-- What you need to do --
Within the records below, find the line with "Obudowa lusterka prawa" and the line with "ASICS Gel-Burst 23 GE 'Phantom'", then reproduce exactly those two lines and all lines between them, without any picture.

-- Data for this task --
■ ■ ■ ■

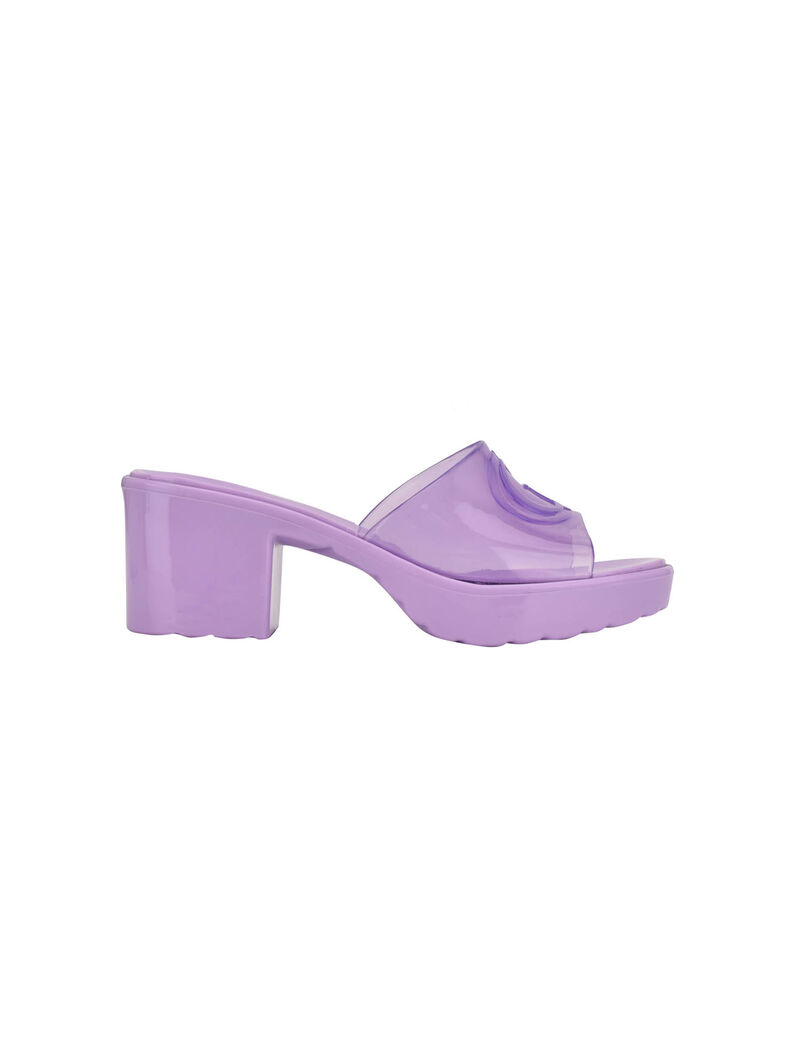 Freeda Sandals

■ ■ ■ ■

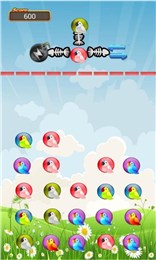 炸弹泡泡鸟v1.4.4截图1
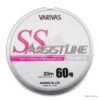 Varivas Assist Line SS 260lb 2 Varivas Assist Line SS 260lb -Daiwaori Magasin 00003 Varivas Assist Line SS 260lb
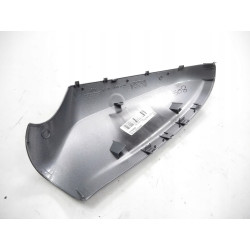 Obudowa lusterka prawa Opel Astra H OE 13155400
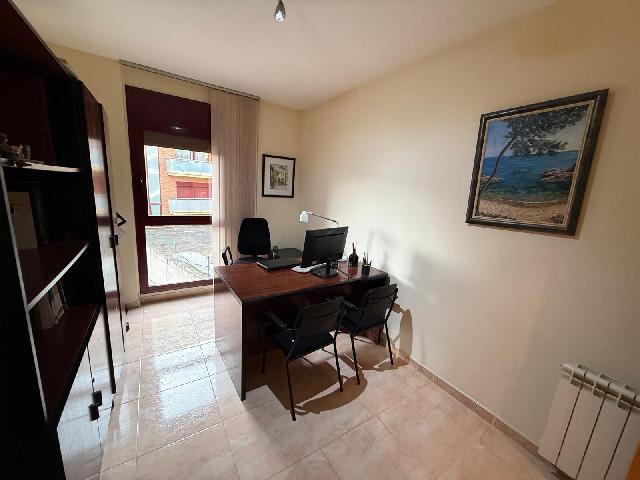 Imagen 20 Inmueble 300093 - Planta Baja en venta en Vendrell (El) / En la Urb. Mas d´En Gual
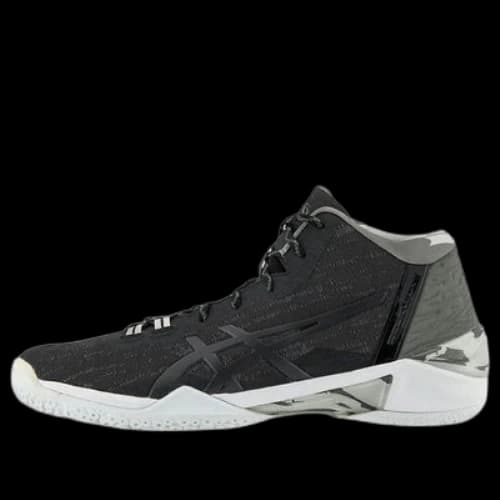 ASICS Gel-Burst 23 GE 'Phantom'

■ ■ ■ ■

-- The answer --
 Obudowa lusterka prawa Opel Astra H OE 13155400
 Imagen 20 Inmueble 300093 - Planta Baja en venta en Vendrell (El) / En la Urb. Mas d´En Gual
 ASICS Gel-Burst 23 GE 'Phantom'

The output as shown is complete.